WHAT IS REQUIRED: Among the entries below, which lines run from the line with "its_chloe20 online show" through the line with "Piąte zdjęcie samochodu"? Retype those, both ends included, exactly and without pictures.

(INPUT DATA Opens)

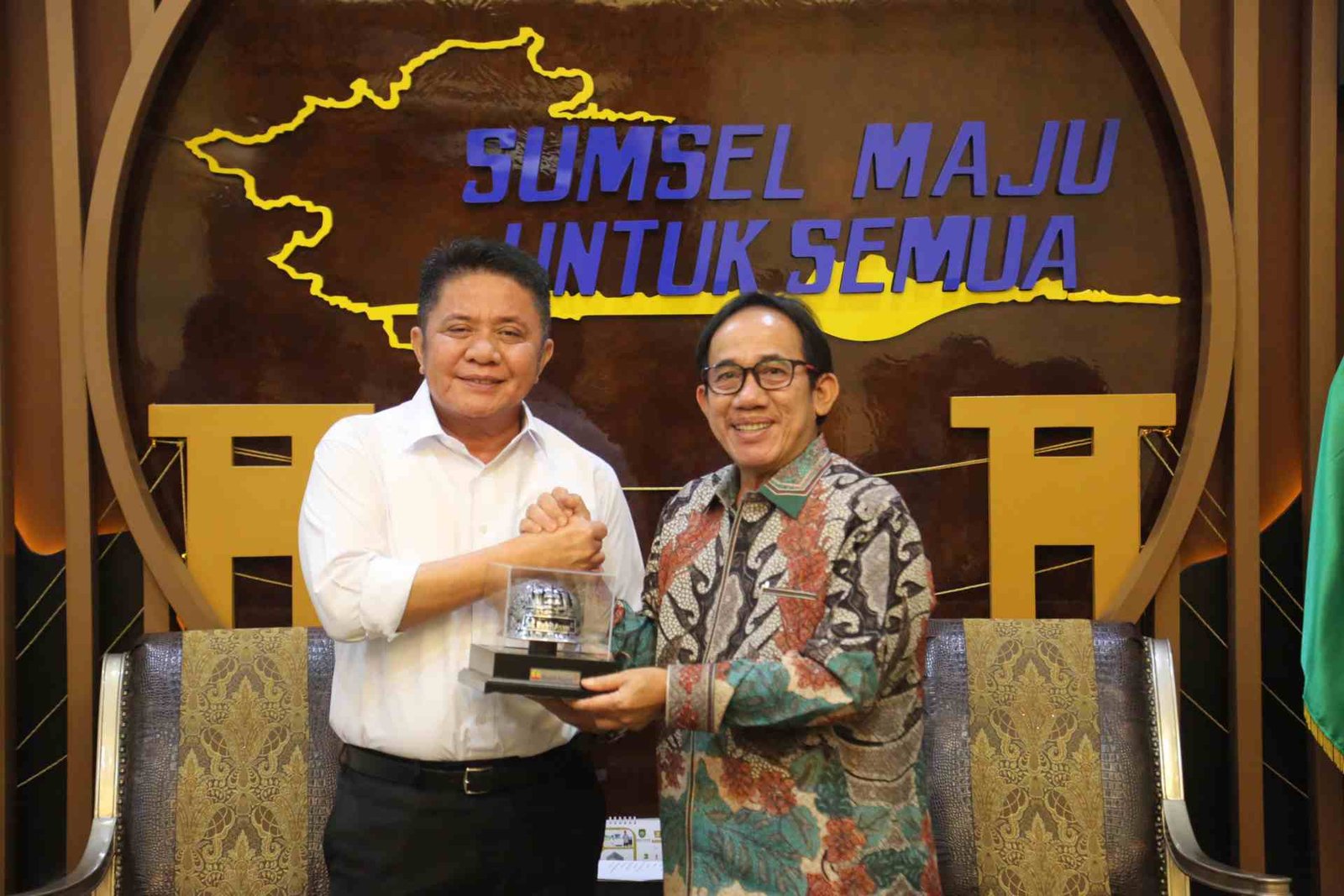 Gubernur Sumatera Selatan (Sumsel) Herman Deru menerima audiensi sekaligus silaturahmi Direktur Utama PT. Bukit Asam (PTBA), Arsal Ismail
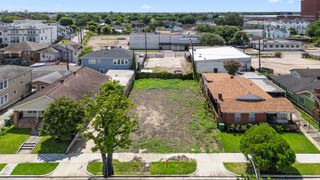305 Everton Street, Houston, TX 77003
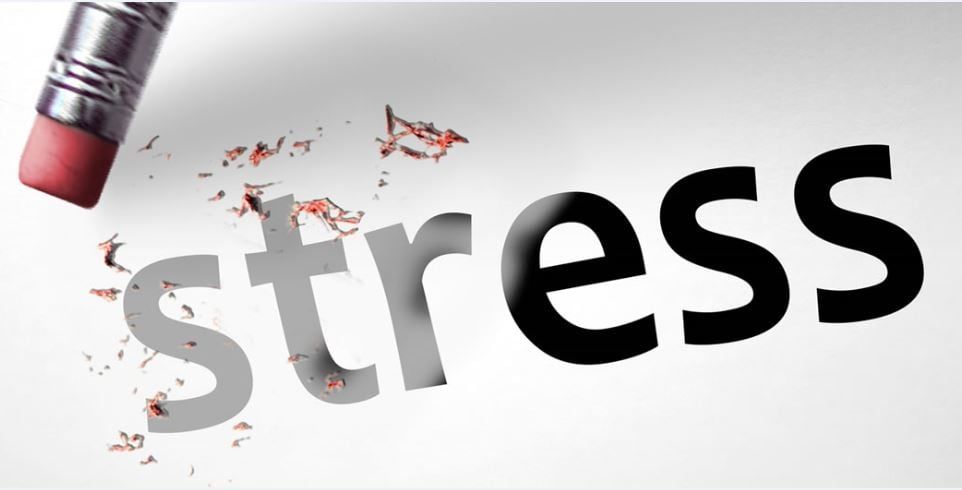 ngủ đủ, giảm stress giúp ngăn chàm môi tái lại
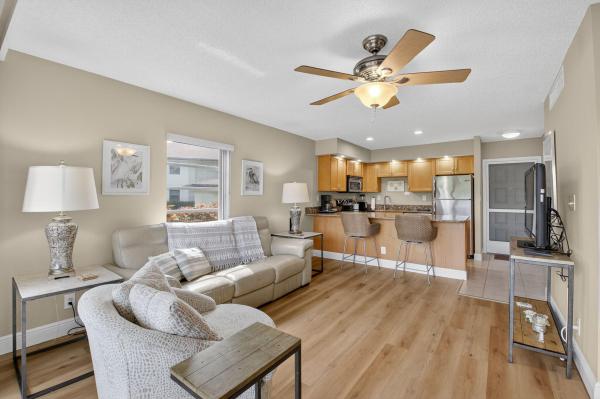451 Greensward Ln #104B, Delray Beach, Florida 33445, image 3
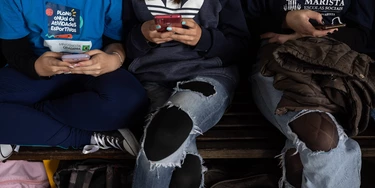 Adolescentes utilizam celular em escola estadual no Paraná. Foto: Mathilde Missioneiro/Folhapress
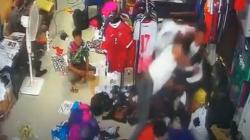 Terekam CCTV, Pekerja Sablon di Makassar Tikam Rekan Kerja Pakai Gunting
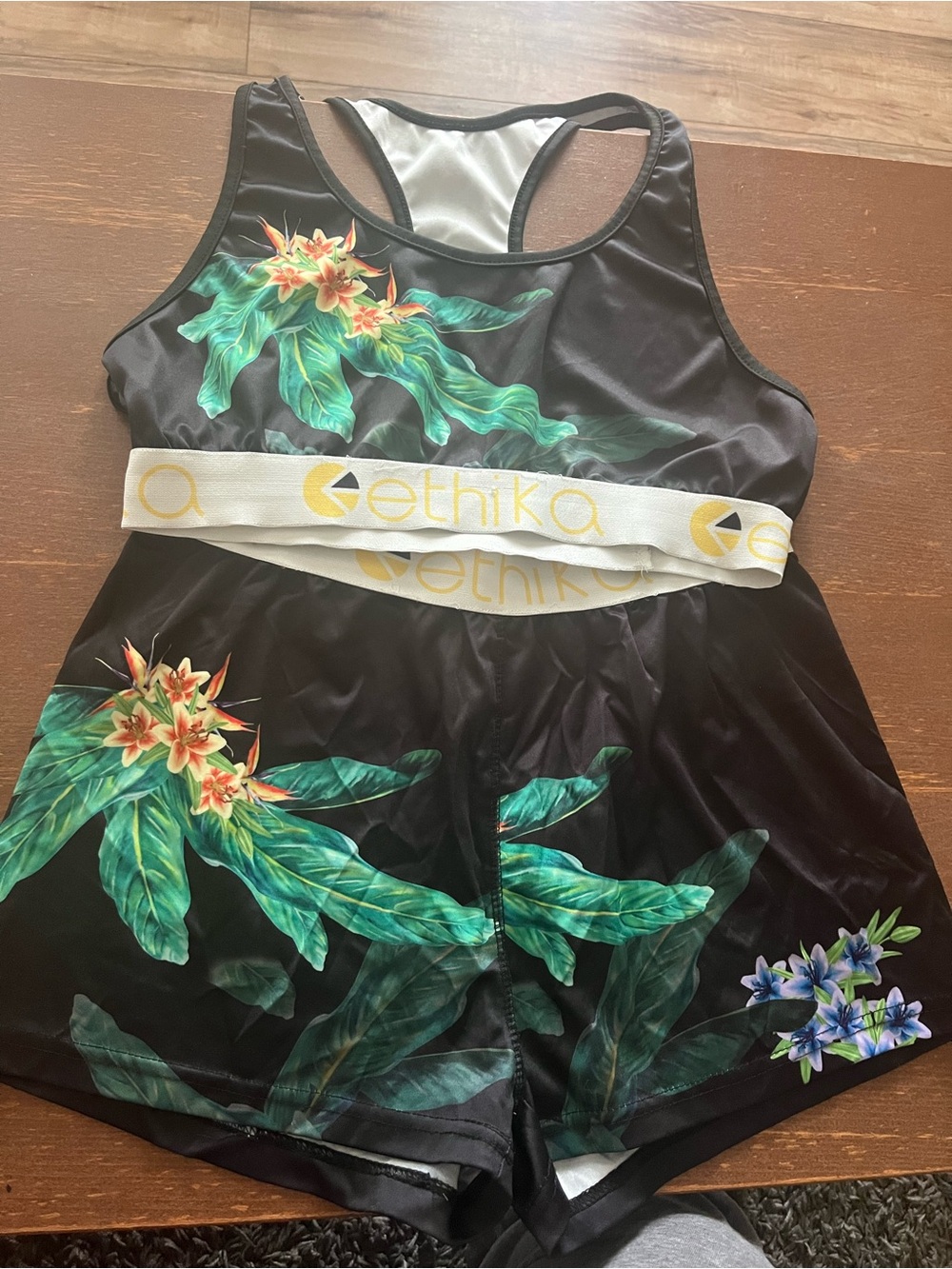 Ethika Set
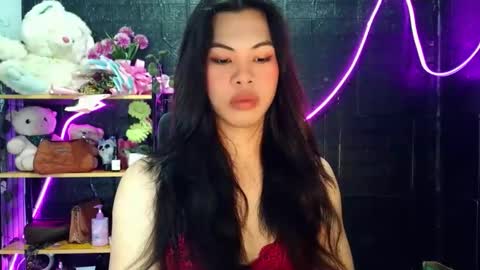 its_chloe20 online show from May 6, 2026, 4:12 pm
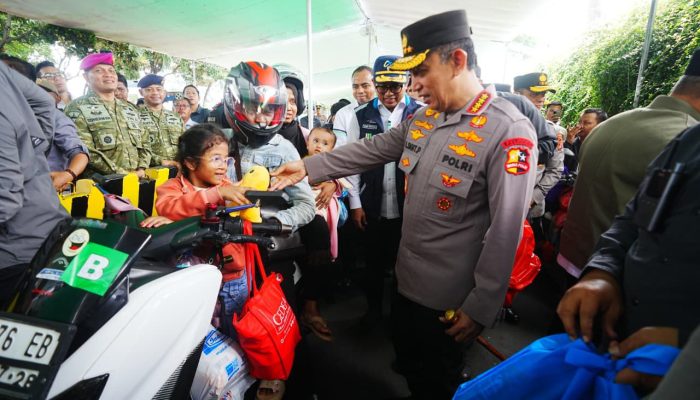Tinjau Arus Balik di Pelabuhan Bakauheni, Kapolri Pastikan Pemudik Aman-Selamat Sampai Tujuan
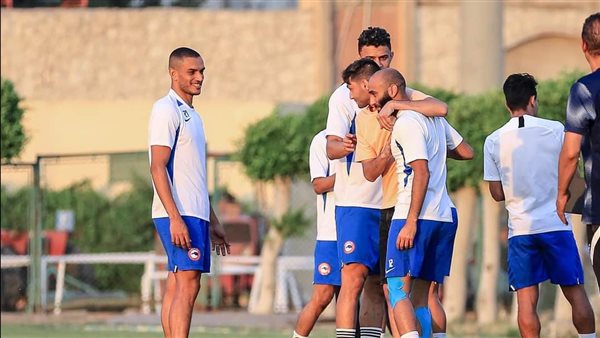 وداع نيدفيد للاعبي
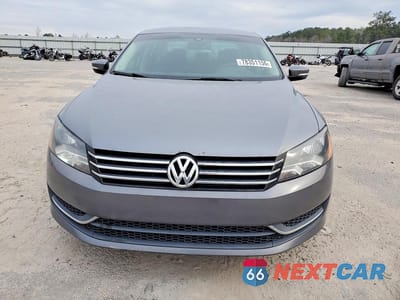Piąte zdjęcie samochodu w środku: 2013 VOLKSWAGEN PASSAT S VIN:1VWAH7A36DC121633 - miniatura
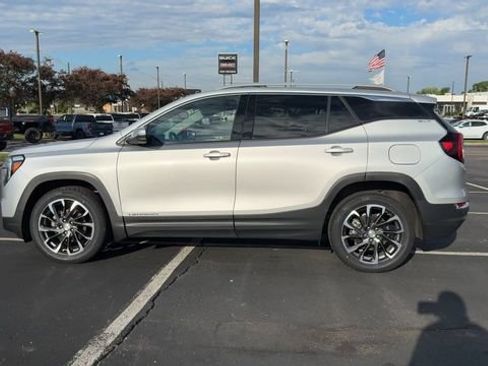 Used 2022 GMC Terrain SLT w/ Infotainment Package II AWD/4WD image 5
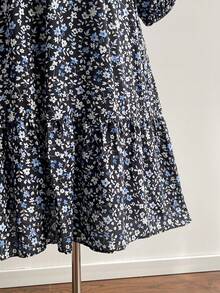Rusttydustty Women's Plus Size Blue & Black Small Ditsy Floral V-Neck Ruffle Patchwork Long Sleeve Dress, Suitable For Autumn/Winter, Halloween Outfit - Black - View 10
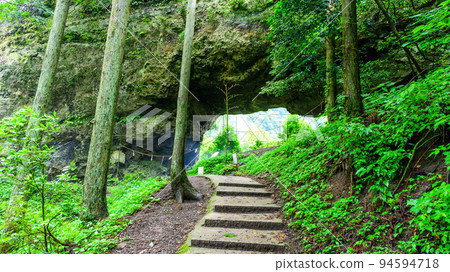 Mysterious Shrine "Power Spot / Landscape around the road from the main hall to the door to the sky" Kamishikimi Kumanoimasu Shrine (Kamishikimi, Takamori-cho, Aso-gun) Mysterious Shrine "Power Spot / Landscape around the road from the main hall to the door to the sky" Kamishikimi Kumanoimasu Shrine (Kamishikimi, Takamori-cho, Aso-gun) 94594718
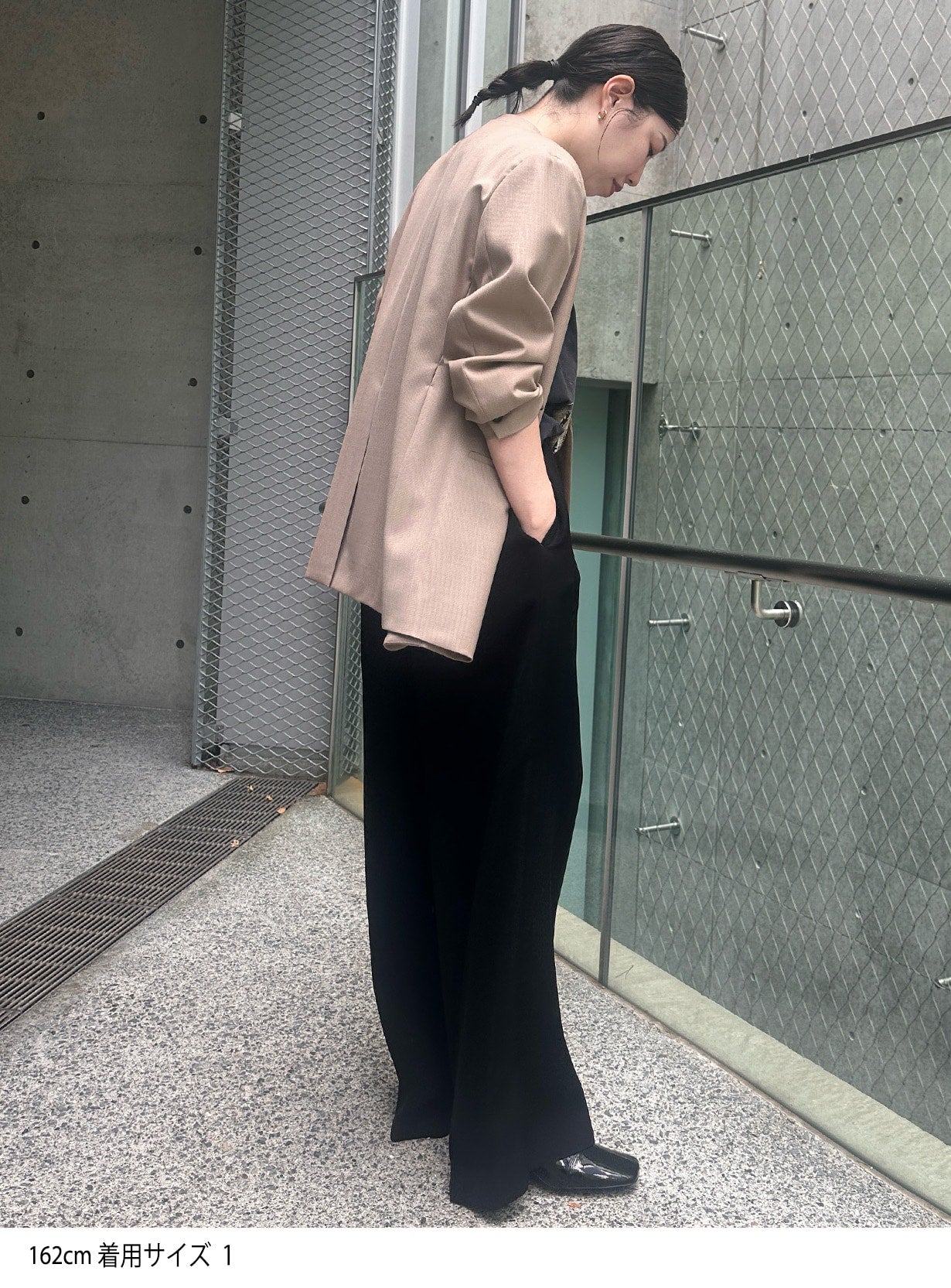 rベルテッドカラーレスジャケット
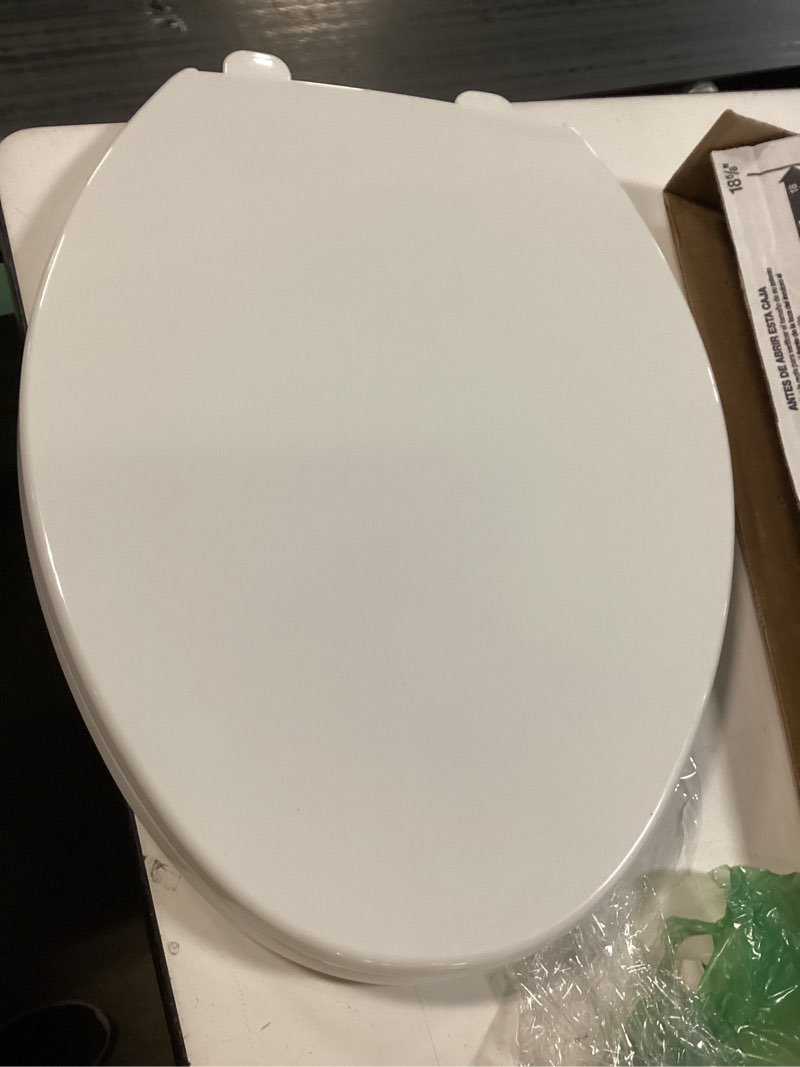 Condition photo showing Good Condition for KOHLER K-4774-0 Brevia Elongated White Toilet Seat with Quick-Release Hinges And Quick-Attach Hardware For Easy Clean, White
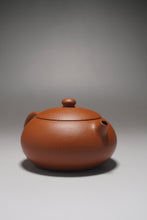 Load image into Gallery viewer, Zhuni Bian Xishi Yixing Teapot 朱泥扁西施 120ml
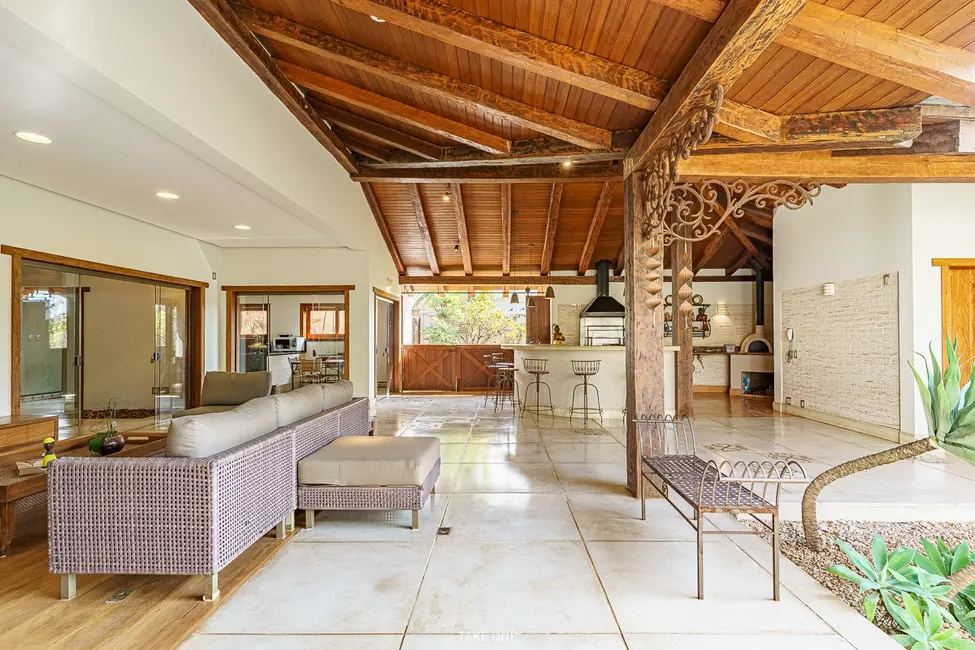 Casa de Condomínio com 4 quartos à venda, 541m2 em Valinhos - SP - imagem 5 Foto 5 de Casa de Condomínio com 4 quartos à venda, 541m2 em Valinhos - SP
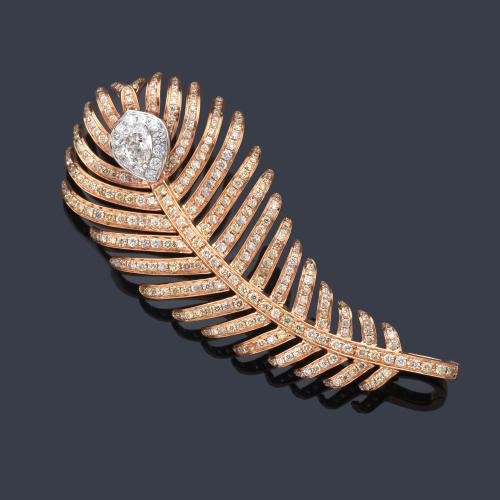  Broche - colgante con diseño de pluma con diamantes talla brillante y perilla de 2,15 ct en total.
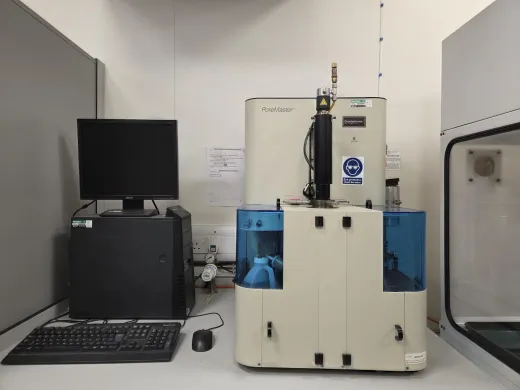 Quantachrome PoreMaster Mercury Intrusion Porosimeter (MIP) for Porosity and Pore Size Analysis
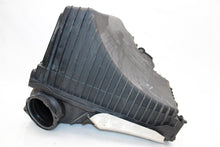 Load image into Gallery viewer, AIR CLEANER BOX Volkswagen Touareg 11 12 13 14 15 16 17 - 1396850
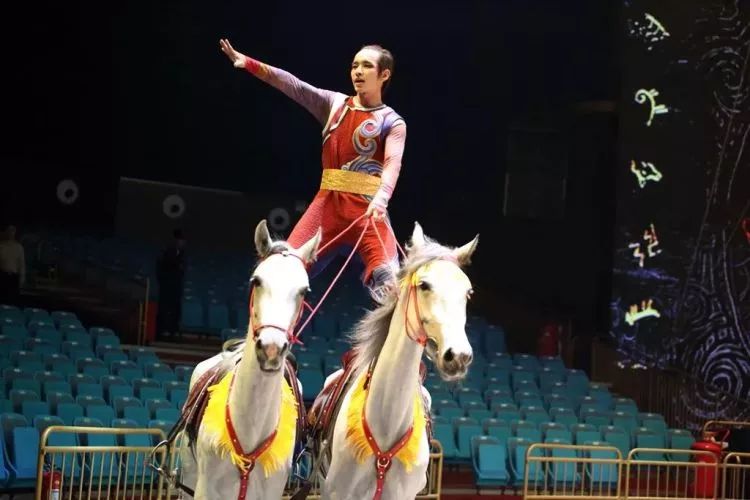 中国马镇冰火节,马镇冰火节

(INPUT DATA Closes)

RESPONSE TO THIS TASK:
 its_chloe20 online show from May 6, 2026, 4:12 pm
Tinjau Arus Balik di Pelabuhan Bakauheni, Kapolri Pastikan Pemudik Aman-Selamat Sampai Tujuan
 وداع نيدفيد للاعبي
Piąte zdjęcie samochodu w środku: 2013 VOLKSWAGEN PASSAT S VIN:1VWAH7A36DC121633 - miniatura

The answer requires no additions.